A conferma di ciò basti citare i risultati raggiunti, ad esempio, da Kenneth Arrow178 nell’ambito della teoria della scelta, con il suo cosiddetto teorema di impossibilità, che dimostra la difficoltà di ordinare le preferenze individuali accordandole tra loro, ma già, precedentemente, il paradosso di Condorcet179 aveva messo in serio dubbio il modello della
democrazia, facendo emergere la difficoltà di considerare un unico tipo di razionalità, un unico modello di deliberazione, un unico set di motivi per l’azione. Arrow postula la necessità che le decisioni sociali soddisfino certe minime condizioni di ragionevolezza, dalle quali poi emergono le adeguate gerarchie e scelte di assetti sociali.
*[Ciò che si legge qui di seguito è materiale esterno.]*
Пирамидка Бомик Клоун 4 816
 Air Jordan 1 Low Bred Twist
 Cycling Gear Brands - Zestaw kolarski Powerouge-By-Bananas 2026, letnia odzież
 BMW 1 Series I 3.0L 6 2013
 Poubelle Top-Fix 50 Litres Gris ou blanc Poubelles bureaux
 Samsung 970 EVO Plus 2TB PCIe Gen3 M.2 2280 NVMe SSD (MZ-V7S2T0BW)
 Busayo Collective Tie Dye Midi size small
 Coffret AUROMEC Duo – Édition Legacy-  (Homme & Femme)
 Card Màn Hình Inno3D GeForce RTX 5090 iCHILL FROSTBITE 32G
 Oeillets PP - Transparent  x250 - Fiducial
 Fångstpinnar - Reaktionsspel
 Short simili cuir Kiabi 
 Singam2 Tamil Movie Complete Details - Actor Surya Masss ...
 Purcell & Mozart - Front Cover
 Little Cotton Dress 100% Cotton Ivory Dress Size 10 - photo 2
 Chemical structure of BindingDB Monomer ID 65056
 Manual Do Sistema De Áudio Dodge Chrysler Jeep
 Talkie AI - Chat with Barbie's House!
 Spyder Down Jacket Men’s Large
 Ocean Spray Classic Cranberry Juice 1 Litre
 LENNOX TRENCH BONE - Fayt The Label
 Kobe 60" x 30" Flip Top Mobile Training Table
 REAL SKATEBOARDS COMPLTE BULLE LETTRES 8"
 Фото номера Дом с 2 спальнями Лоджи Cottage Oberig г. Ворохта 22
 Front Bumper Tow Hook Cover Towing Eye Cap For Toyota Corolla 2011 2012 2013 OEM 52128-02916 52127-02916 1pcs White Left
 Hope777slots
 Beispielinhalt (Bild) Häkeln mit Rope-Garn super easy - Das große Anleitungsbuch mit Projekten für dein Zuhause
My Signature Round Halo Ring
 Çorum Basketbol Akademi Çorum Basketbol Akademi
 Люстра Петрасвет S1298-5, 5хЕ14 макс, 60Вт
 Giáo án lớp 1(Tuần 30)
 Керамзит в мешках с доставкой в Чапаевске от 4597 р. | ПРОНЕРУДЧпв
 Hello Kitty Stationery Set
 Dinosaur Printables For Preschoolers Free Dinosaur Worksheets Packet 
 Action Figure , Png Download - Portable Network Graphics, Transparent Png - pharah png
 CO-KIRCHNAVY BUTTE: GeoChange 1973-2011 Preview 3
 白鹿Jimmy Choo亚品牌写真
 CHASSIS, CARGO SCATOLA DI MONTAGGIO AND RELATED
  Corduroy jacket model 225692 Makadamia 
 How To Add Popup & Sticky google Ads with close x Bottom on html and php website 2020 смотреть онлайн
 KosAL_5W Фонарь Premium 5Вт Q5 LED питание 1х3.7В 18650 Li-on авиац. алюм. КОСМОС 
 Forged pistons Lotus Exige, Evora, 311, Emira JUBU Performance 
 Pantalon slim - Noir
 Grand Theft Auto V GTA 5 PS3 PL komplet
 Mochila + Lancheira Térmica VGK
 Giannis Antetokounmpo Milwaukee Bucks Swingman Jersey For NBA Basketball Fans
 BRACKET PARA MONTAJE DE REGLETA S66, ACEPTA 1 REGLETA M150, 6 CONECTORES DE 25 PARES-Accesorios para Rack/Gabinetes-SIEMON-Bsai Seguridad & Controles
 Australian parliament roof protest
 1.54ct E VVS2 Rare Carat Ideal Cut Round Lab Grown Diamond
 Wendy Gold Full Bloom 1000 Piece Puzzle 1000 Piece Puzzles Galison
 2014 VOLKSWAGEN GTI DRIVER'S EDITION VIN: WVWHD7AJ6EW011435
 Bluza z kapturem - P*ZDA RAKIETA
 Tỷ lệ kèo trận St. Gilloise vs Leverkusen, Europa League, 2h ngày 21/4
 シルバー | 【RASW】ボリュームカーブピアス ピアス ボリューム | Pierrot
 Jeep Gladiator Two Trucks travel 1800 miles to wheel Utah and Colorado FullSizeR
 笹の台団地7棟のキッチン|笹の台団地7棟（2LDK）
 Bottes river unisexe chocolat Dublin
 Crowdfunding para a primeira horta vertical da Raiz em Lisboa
Ma il suo intento giunge a risultati diversi da quelli immaginati, ovvero mostra come una procedura di scelta sociale qualificabile come razionale e democratica non sia in grado di soddisfare simultaneamente nemmeno un numero non elevato di condizioni piuttosto blande. Ciò significa la difficoltà di una democrazia qualora le scelte libere delle persone non si accordino reciprocamente.
Quindi, nel momento in cui le teorie della giustizia, ispirate dalla volontà di individuare istituzioni trascendentali giuste, considerano le probabili conseguenze delle istituzioni, assumendo schemi di comportamento individuale, devono tenere presente che non sempre i comportamenti razionali degli individui rispettano tali schemi, proprio a causa della complessità della realtà.
178 L’economista statunitense Kenneth Arrow ha formulato, nel 1951, il celebre teorema di impossibilità, riferito
all’impossibilità di aggregare in una ragionevole funzione del benessere sociale le preferenze individuali, teorema che ha consentito un nuovo approccio allo studio della scelta sociale.
179 Il Paradosso di Condorcet è una situazione indicata, alla fine del XVIII secolo, dal Marchese de Condorcet, secondo
cui le preferenze collettive possono essere cicliche (cioè non transitive) anche se le preferenze dei votanti non lo sono individualmente. Si tratta di un paradosso, perché significa che i desideri della maggioranza possono essere in conflitto gli uni con gli altri e questo succede quando le maggioranze stesse sono composte di individui differenti.